Cool drivers.. too bad they don't have one that quite suites my needs.. I have to do 9 LEDs @ 700mA.. I already have plans to build my own drivers.. but some pre made units would have been nice..

I get the same efficiency they do with my design.. so I imagine it's very similar. Except I don't understand why they charge so much more for dimmable! I wasn't even planning to bother with that for this specific project.. no need really to dim lights in the kitchen... but the drivers I'm making based on the LM3404 chip have a PWM input.. all you'd have to do is use a little 555 timer to create a PWM pulse to do the dimming.. so cheap to do... unless.. hmm.. if they are dimmable by a standard wall dimmer... then I can understand... that would be difficult to achieve properly... if not impossible.

I'll end up paying around $40-50 in materials to construct a 9x700mA driver myself.. The same driver though could go up to 12x1000mA with my design.
 
thats nice Im sure, but do you have any ideas ragarding the question of this thread?
 
fuses would prevent over current hazards, but doesn't regulate the amount of current passing through that line to a specific level...
:anyone: thinking of wire gauges?

Thats true, however, the aim here is to prevent an overcurrent in case a section of the circuit fails, ie we need a failsafe mechanism.
In normal woking status, the current passing through each leg is determined by the PSU and the number of parallel legs.
 
thats nice Im sure, but do you have any ideas ragarding the question of this thread?


You answered yourself already... fuses.. the obvious solution.

Trying to rig up a transistor kill switch with a seperate current sensing resistor on each leg would require you opening up your xitanium driver and modifying some SMT components.. so I doubt that's on the table.
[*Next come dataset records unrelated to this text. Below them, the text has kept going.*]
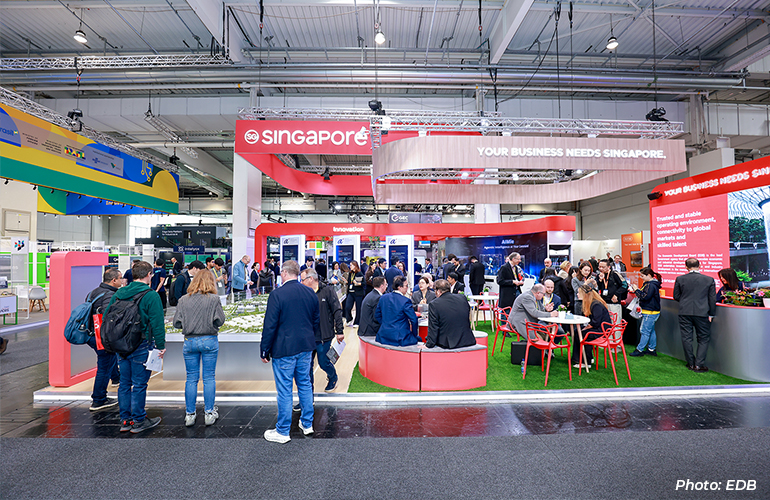 Visitors networking and exploring the Singapore pavilion at an international trade exhibition, featuring showcases on innovation, advanced manufacturing, AI, and business opportunities in Singapore.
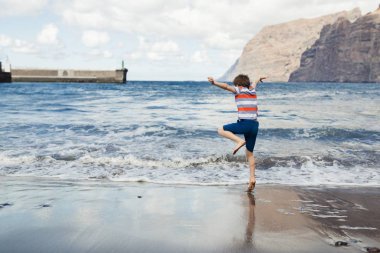 Kumsalda oynayan mutlu çocuk.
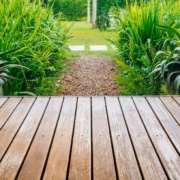 wood deck with view of large green plants - Barefoot Construction deck construction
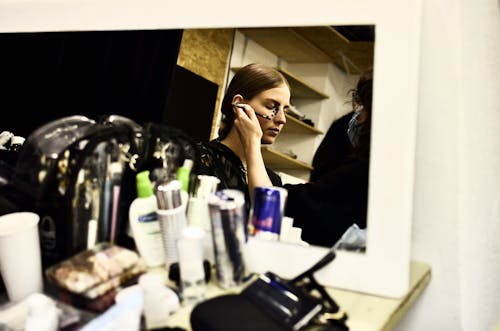 Reflection of female visagiste with brush applying makeup on face of model in dressing room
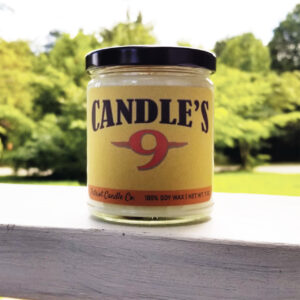 Hoppe's No. 9 type of scented soy container candle.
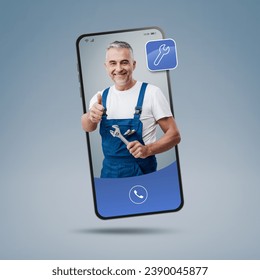 Plumber and repairman videocalling on smartphone and giving a thumbs up, hire a contractor online - Powered by Shutterstock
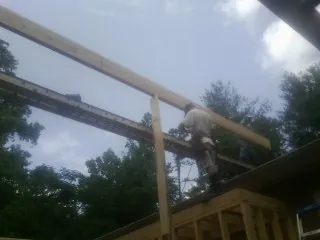 Carpenter setting a ridge beam over a new addition frame — Ice Dam Removal by Roofing Brothers in Capon Bridge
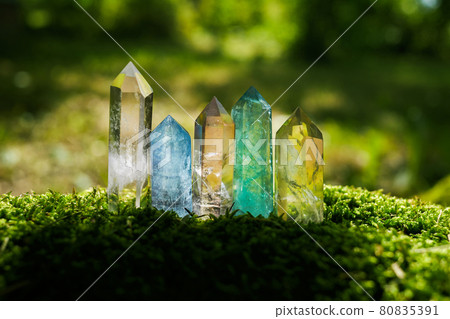 Gemstones minerals on mysterious nature background. Magic Rock for Crystal Ritual, healing spiritual practice. Gemstones minerals on mysterious nature background. Magic Rock for Crystal Ritual, healing spiritual practice. 80835391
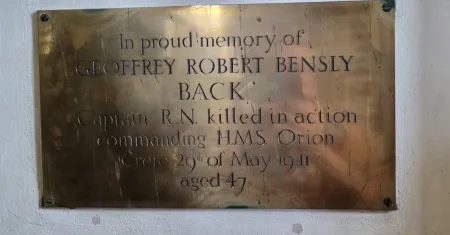 A brass plaque commemoration the death of the subject and the circumstances.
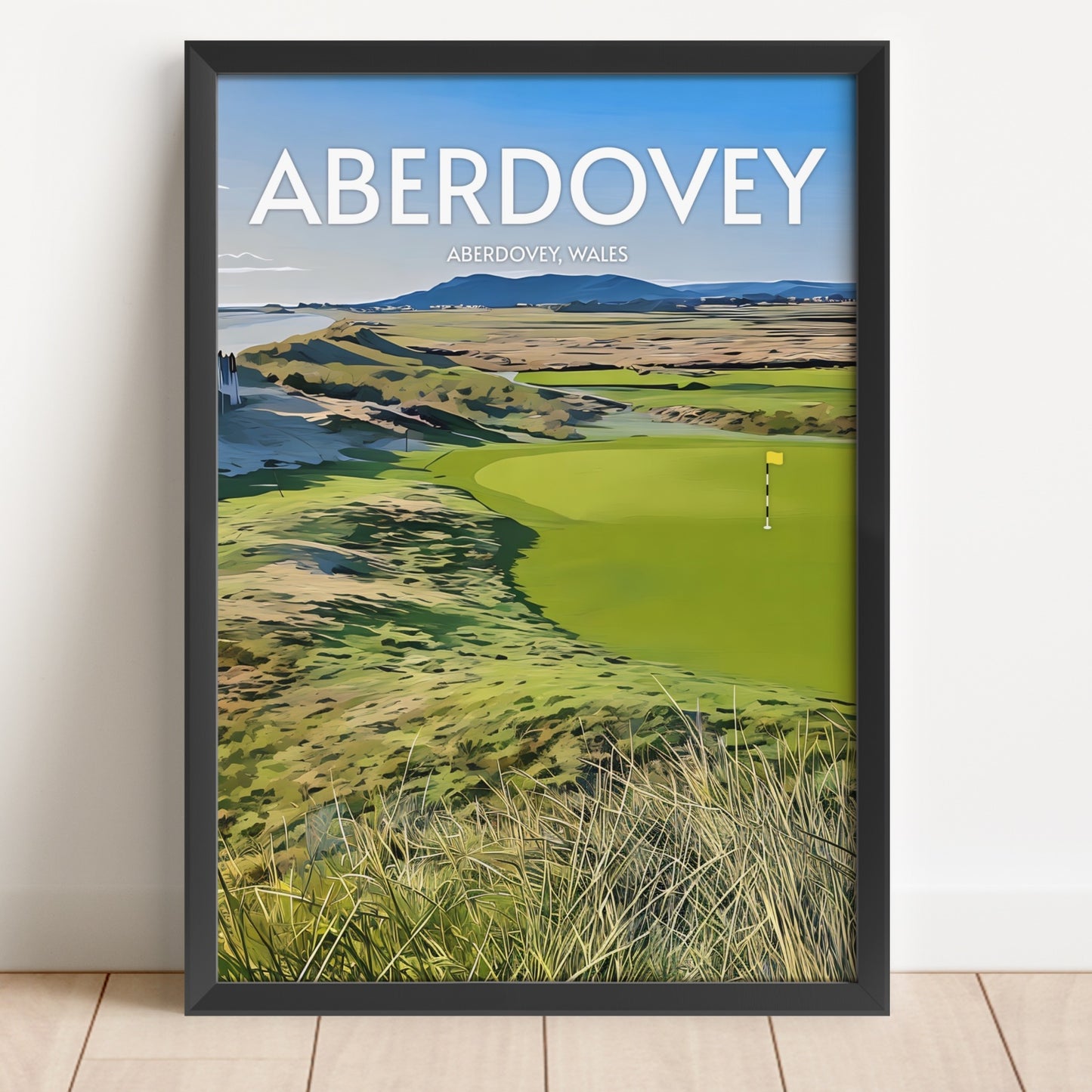 Framed poster of Aberdovey golf course with 'Aberdovey' text on a white wall.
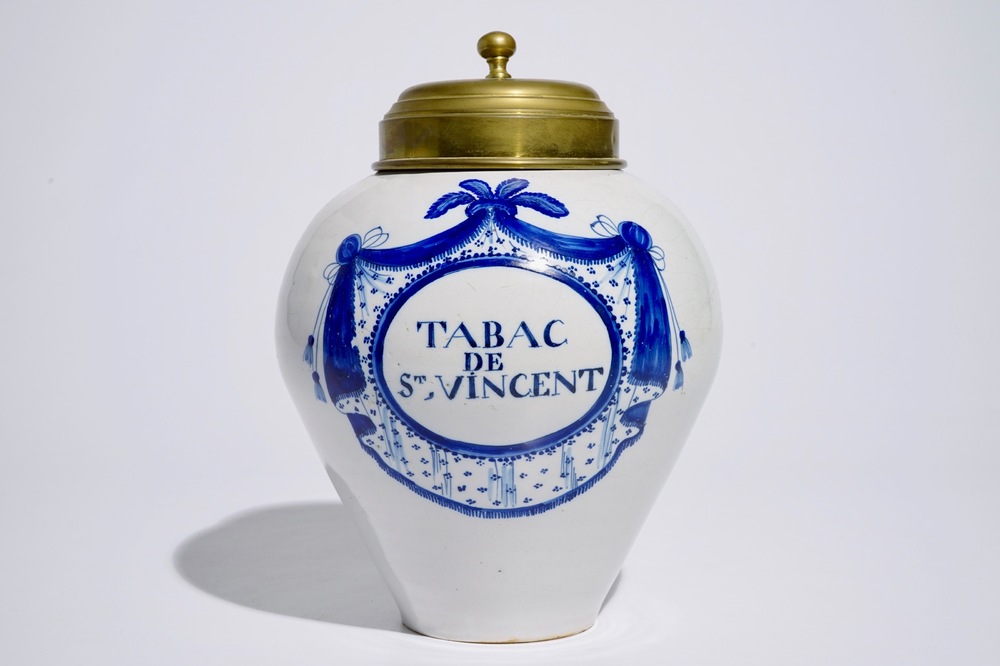 A blue and white Brussels faience tobacco jar with brass cover, 18th C.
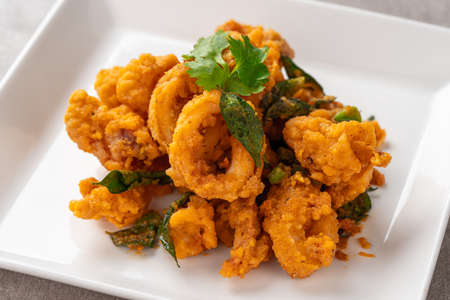 Stir Fried Squid with Salted Egg Yolk plating on white plate.の写真素材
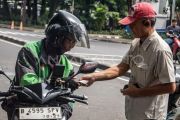 Pemerintah turunkan komisi tarif ojek daring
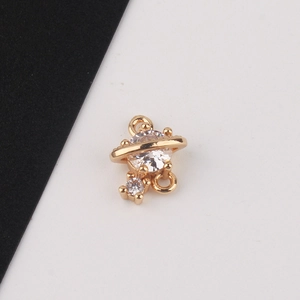 Macro detail of gold-plated planet charm with sparkling zircons and double hanging loops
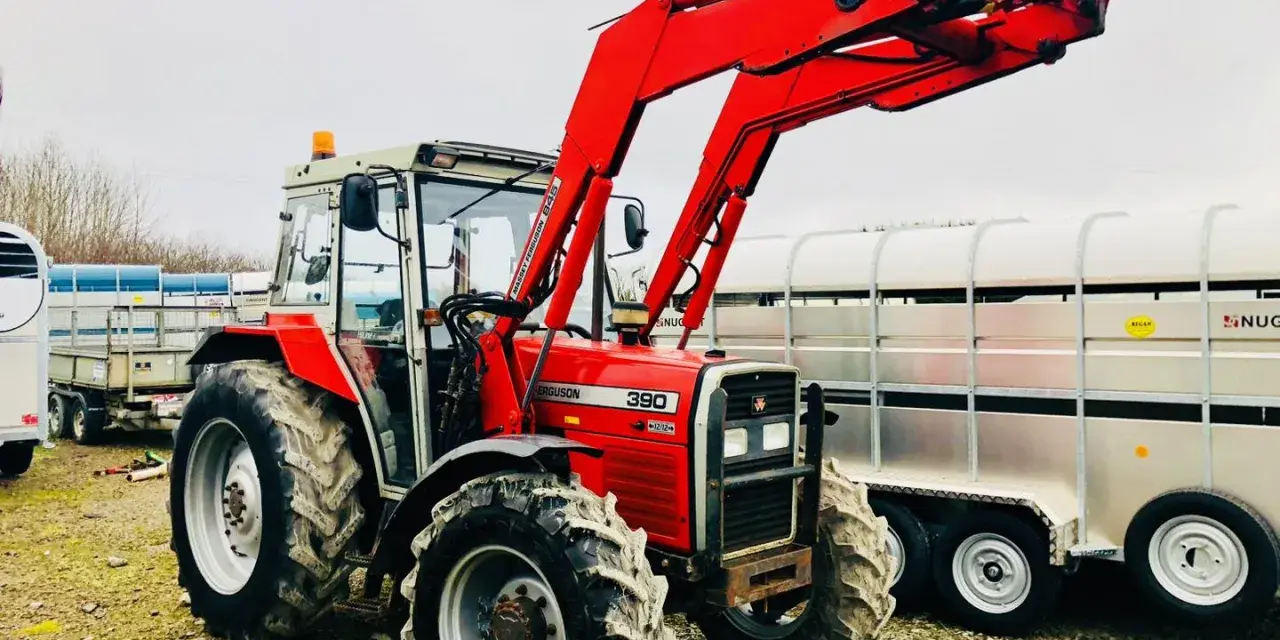 Czerwony ciągnik Massey Ferguson 390 z ładowaczem czołowym, gotowy do pracy. Dane techniczne tego modelu są imponujące.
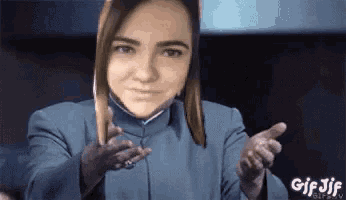 a woman in a blue jacket is giving a thumbs up and a thumbs down .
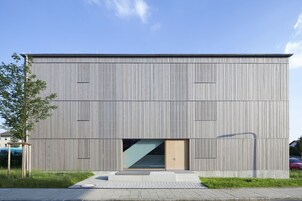 A modern building with a flat roof, vertical siding, and a large glass entrance.
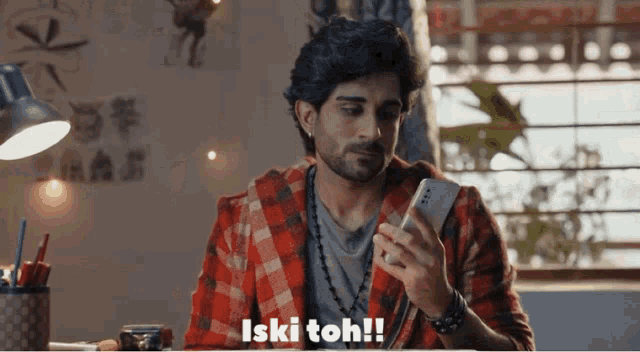 a man in a red plaid shirt is holding a cell phone and says iski toh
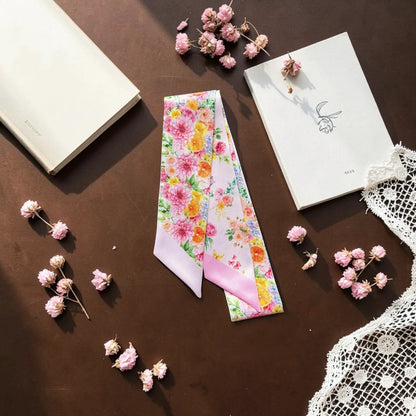 Pink botanical floral twilly scarf displayed with books, flowers and decorative accessories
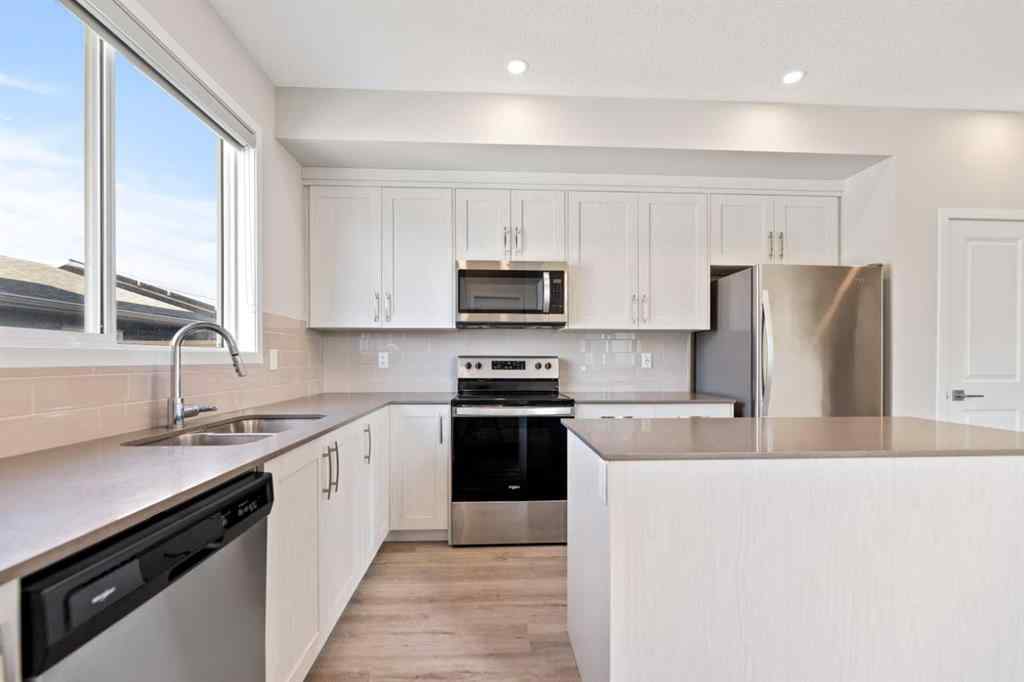 MLS® A2267008 - 281 Creekside Boulevard SW in Pine Creek Calgary, Residential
I'd just test it first.. get fast acting fuses and short 1 LED in a string to make sure all the fuses burn and there's no more power... It would be nice to have the 1 faulty string shut down like the link pictured with the LM317, but it's just not worth it.

Sorry if I sounded selfish.. I hadn't seen quality drivers like this on the market before.. I was excited to compare them to the ones I'm building. Do you know of other high quality AC drivers? ..Their life is rated at 50,000hours.. so pretty good, but the LEDs will probably outlast the them.
 
I dont think you have got the gist of this question, please read the thread and post relevant information.
There are many threads regarding many AC drivers, right here on CPF.

The question is, once again: What is the best way of protecting parrallel legs from a cascading failure?
(apart from fuses on each leg, as suggested by myself, which will ALL blow, in case of a failure).
The transistor diagram which I reffered to, is for use when the whole circuit is being POWERED by an LM317 (I mentioned it to demonstrate that other people have come across this situation). In our case we will be using an AC constant current driver, so we need a solution specific to that setup.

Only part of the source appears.